Panel Paper: Does Teach for America Alter Educational Trajectories?

Thursday, November 6, 2014 : 3:05 PM
Aztec (Convention Center)

*Names in bold indicate Presenter

Emily K. Penner, University of California, Irvine
Teach For America (TFA) was founded to improve teacher quality in under-resourced schools, and recently expanded its goals from closing achievement gaps to altering students’ long-term educational trajectories (Farr, 2010). TFA’s model has been emulated by numerous US teaching fellows programs and has spawned partner programs in 32 other countries. While rigorous experimental and quasi-experimental evidence suggests that TFA teachers boost students’ short-term academic achievement in some subjects and grade levels, little is known about the relationship between having a TFA teacher and students’ longer-term outcomes (Clark et al. 2013; Glazerman, Mayer, & Decker, 2006; Xu, Hannaway, & Taylor, 2011). This paper examines the relationship between having a TFA teacher and longer-term student outcomes, including student test scores, high school graduation, high school class rank, and post-graduation expectations, examining whether this varies across grades and subjects.

I examine the relationship between TFA and long-term student attainment using administrative data from the state of North Carolina, working with TFA to identify the 1,502 TFA teachers assigned to North Carolina. I use matched records for all students in North Carolina in grades K-12 for twelve cohorts of students from 1999/2000 through 2010/2011. In a given school year, approximately 100,000 teachers educate roughly 1.4 million students in grades K-12.

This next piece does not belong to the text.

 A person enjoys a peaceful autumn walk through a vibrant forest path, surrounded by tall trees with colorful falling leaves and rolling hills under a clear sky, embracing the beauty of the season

I examine the relationship between having a TFA teacher and end-of-course and end of high school attainment primarily by comparing students who had TFA teachers to students who had the possibility of being in a TFA teacher’s classroom but were not by using school-grade-year fixed effects to compare students within schools, grades (or subjects), and years where TFA teachers are present. In secondary models examining short-term test score differences, I also use student fixed effects to compare students to themselves before and after having a TFA teacher, as well as across high school subjects within a given year.

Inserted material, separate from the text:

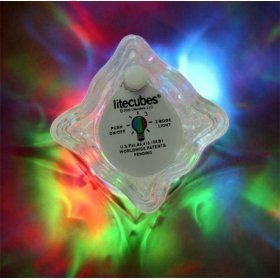 Six (6) Litecubes� Flashing LED Multi-Color Freezable Ice Cubes / Rocks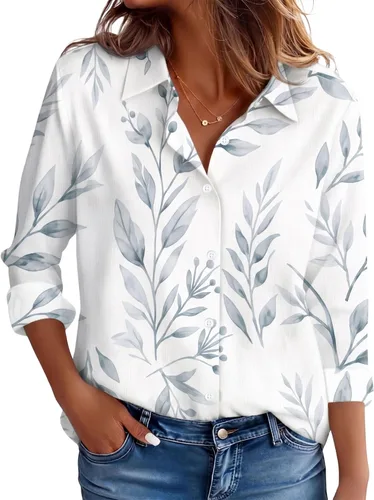 Miniatura 13 de CBOO Camisas resistentes a las manchas para mujer, sin arrugas y sin planchado, blusa de manga larga con botones para oficina Blanco resistente a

Having a TFA teacher is associated with same-year test score increases in math in elementary and middle school, as well as language arts in middle school, and in most subjects in high school, with particularly large differences in high school math and science. Having a TFA teacher in high school is also associated with end-of-high school attainment and expectations, but not in consistent directions. While having a TFA teacher in high school is associated with a higher likelihood of completing high school, TFA teachers are negatively associated with end of high school GPA, class rank, and plans to attend higher education. Future analyses will examine whether these counterintuitive associations are a result of TFA teachers helping lower-skilled students complete high school, thus lowering the average levels of the other attainment outcomes among students of TFA teachers. This is the first paper to find evidence that TFA teachers can alter students’ academic trajectories, but not necessarily as predicted. These findings suggest TFA is making some progress towards improving both short- and long-term student outcomes, but additional improvements need to be made to achieve the goal of altered educational trajectories for all students.